Please return the listing exactly as it stands, skipping any pictures.

▸ **Data segment**:
[Start of section]

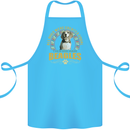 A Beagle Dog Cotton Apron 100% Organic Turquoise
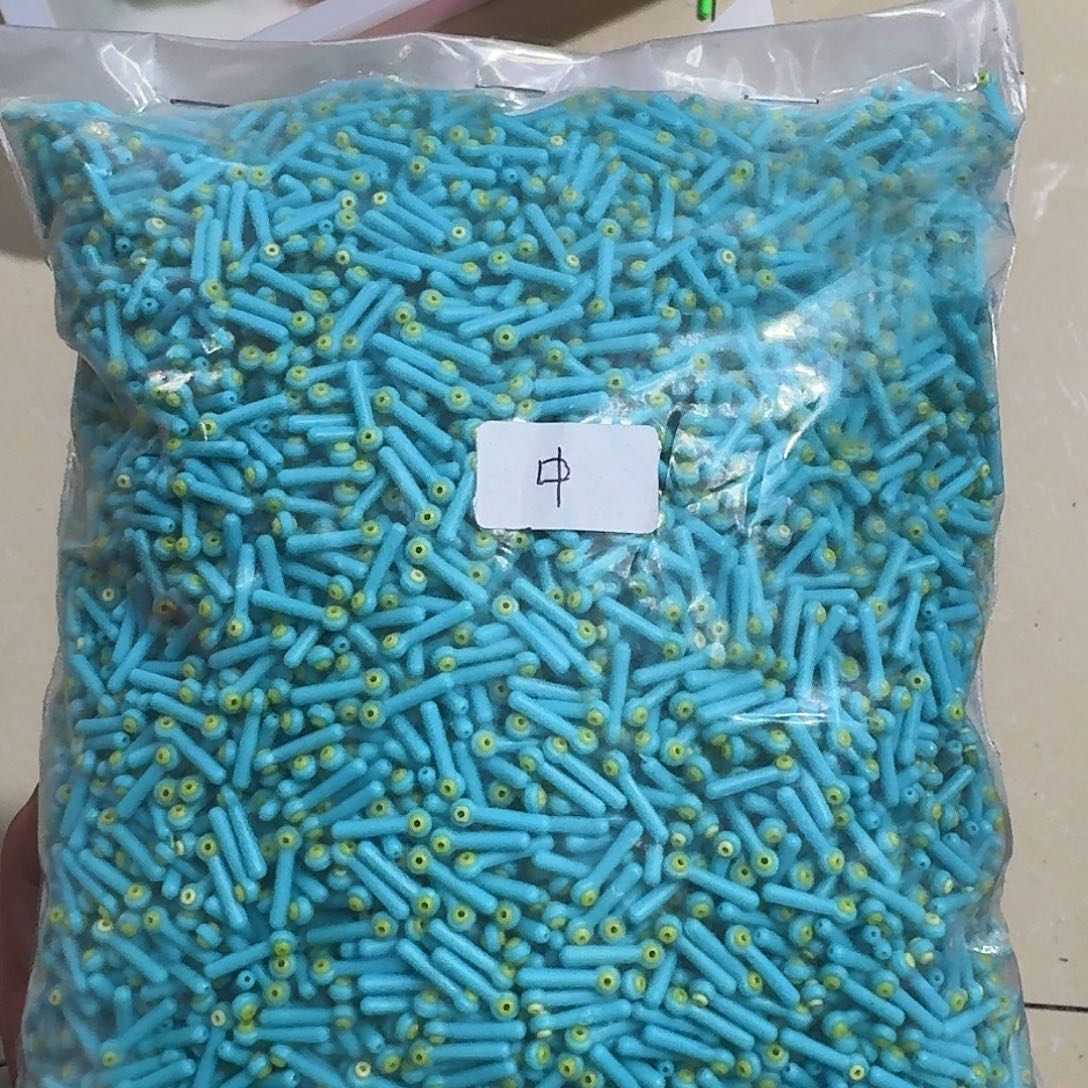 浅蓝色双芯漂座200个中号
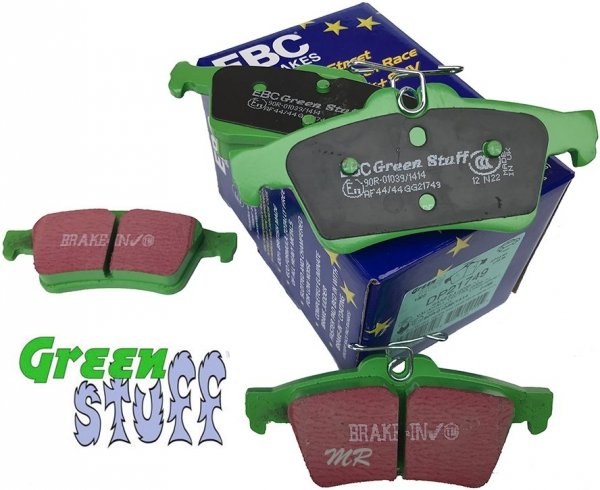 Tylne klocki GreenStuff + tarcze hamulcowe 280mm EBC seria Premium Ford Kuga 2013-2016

[End of section]

▸ **Written answer**:
 A Beagle Dog Cotton Apron 100% Organic Turquoise
 浅蓝色双芯漂座200个中号
 Tylne klocki GreenStuff + tarcze hamulcowe 280mm EBC seria Premium Ford Kuga 2013-2016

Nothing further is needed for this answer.